As I recommended in a previous article, we picked a workflow. We applied AI. It worked. Then we optimized it and got the cost down.

That version is technically true, but it leaves out the part that actually matters. What mattered was not just that the invoicing workflow worked. What mattered was what happened after it worked.

As some of you know, at GCS, we started using AI to automate part of our invoicing process. The first goal was not elegance or cost savings. It was really just to see if we could actually make it work.

Not demo “work”, I mean, could this workflow actually work in the real world?

That is the first job in the 2-6-4 process. Prove it. So that is what we did.

We got it working in our actual environment (Mach1). We connected it to our accounting systems (QuickBooks), our time sheets (Excel), email, databases, and the way the business actually operates (Ratesheets, Rules). Then we let it run for a few weeks, and watched (closely).

And once it had been running long enough to stop feeling like a demo, we started to measure the cost.

That is when the second lesson showed up.

The workflow worked, but the first version was too expensive. Not necessarily for us, but definitely for the kinds of organizations I help. GCS is small, so we can get away with a lot. Our customers usually cannot. They have more volume, more complexity, and less room for waste.

That is a very normal place to land, by the way. In fact, I think it is the right place to land.

If your first version is trying to prove the workflow, it should probably lean a little heavy, and most certainly a little ugly. It should use stronger models than you think you will need long term. It should probably be more brute force than elegant.

That is fine. We don't want perfection to be the enemy of good enough.

At this point, you are buying proof. I think of it as tuition to create high value later. Just be careful not to get stuck. This is a real trap I've seen hundreds of times.

Once we knew the process was real, we started looking at what was actually driving the cost per invoice. After working through some of the gaps, we made a series of changes that cut the cost per invoice by over 30%. So where did those come from?

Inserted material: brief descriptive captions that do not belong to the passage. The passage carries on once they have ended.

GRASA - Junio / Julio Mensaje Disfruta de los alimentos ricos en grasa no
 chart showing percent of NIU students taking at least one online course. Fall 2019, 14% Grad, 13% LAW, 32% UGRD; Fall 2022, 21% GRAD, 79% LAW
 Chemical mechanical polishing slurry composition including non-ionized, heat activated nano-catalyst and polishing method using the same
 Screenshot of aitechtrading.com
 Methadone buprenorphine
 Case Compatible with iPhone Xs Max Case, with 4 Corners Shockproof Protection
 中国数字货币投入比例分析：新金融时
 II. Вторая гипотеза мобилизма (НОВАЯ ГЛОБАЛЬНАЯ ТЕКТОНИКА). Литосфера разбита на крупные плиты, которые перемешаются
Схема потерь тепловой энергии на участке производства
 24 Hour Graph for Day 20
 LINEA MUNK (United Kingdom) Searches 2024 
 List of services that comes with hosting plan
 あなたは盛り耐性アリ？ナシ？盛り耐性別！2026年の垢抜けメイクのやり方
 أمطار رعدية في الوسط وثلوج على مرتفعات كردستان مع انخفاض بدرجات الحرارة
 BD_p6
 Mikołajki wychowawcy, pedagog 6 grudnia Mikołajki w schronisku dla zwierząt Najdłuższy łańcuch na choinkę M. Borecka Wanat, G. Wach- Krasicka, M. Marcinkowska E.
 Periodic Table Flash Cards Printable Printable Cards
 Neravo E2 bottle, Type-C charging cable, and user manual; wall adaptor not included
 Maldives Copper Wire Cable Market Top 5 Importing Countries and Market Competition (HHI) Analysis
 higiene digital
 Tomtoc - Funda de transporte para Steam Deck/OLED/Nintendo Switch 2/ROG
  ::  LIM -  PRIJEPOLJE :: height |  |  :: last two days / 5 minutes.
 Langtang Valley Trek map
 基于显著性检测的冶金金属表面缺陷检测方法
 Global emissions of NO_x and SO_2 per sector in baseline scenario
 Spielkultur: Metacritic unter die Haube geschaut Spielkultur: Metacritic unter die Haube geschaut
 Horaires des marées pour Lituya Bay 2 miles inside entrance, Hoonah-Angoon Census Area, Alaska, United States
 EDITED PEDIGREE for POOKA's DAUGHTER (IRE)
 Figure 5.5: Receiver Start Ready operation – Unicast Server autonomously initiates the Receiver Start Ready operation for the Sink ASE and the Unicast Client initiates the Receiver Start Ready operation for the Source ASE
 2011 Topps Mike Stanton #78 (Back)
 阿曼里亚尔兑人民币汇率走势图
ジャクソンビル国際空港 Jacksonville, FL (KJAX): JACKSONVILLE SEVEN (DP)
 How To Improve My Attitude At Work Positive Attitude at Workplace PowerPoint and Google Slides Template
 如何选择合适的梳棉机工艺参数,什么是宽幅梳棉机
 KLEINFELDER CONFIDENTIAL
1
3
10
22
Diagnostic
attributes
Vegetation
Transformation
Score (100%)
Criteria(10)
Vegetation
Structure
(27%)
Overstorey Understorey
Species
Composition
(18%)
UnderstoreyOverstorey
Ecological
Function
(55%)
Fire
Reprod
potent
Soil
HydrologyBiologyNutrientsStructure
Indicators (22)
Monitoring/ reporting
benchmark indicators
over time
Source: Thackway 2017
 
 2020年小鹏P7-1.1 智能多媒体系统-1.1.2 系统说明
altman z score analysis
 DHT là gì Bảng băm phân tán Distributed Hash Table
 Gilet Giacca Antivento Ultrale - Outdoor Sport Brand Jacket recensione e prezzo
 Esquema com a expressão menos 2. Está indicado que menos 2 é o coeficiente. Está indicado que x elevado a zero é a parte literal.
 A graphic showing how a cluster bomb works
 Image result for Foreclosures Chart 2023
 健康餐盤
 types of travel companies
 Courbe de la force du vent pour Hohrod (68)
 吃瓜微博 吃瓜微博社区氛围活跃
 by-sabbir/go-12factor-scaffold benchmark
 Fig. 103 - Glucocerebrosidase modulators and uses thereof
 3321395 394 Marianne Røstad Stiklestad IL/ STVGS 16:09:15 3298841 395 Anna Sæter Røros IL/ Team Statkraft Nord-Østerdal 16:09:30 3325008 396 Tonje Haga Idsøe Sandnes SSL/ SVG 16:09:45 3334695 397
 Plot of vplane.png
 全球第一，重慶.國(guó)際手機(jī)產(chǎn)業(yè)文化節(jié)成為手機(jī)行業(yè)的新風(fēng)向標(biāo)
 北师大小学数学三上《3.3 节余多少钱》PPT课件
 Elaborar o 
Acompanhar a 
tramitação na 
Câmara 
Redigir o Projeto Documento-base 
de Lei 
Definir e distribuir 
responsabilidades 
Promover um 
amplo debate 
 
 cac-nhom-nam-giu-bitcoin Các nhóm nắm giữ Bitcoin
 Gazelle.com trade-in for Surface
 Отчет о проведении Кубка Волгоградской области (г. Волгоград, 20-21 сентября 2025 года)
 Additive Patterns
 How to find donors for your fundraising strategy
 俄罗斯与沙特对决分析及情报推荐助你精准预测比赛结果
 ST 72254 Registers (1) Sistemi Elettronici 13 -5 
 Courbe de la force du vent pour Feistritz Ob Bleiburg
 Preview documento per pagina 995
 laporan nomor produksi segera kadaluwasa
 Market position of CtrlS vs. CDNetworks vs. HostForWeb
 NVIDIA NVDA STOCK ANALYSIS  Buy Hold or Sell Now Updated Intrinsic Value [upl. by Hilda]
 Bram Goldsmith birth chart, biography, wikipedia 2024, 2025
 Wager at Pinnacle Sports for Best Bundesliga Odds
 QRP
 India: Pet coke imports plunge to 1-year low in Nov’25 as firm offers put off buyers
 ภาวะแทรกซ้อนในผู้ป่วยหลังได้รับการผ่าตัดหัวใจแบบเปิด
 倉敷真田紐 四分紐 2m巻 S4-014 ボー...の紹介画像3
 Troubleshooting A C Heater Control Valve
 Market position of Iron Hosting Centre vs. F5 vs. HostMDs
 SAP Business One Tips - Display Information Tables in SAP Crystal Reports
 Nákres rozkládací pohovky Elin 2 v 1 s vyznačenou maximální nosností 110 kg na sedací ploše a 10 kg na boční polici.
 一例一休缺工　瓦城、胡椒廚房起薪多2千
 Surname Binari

At the beginning, we used the big expensive models. That made sense. We were trying to reduce uncertainty, not be frugal. But once the workflow stabilized, it became obvious that we were paying for more model than we needed. So we lightened that up.

We also realized we were passing too much into the system. In AI terms, that means too many tokens. In the first version, we were feeding in all rules for all invoices. That sounds reasonable when you are trying to make sure nothing gets missed, but it is wasteful. Later, we narrowed it down so the system only saw the rules for the specific customer tied to that invoice.

Another important change was giving the AI better access to smarter tools and data. Instead of trying to push every possible detail into the prompt, we let it use tools and databases to look up what it needed in a safer and more controlled way. That reduced overthinking and cleaned up the process.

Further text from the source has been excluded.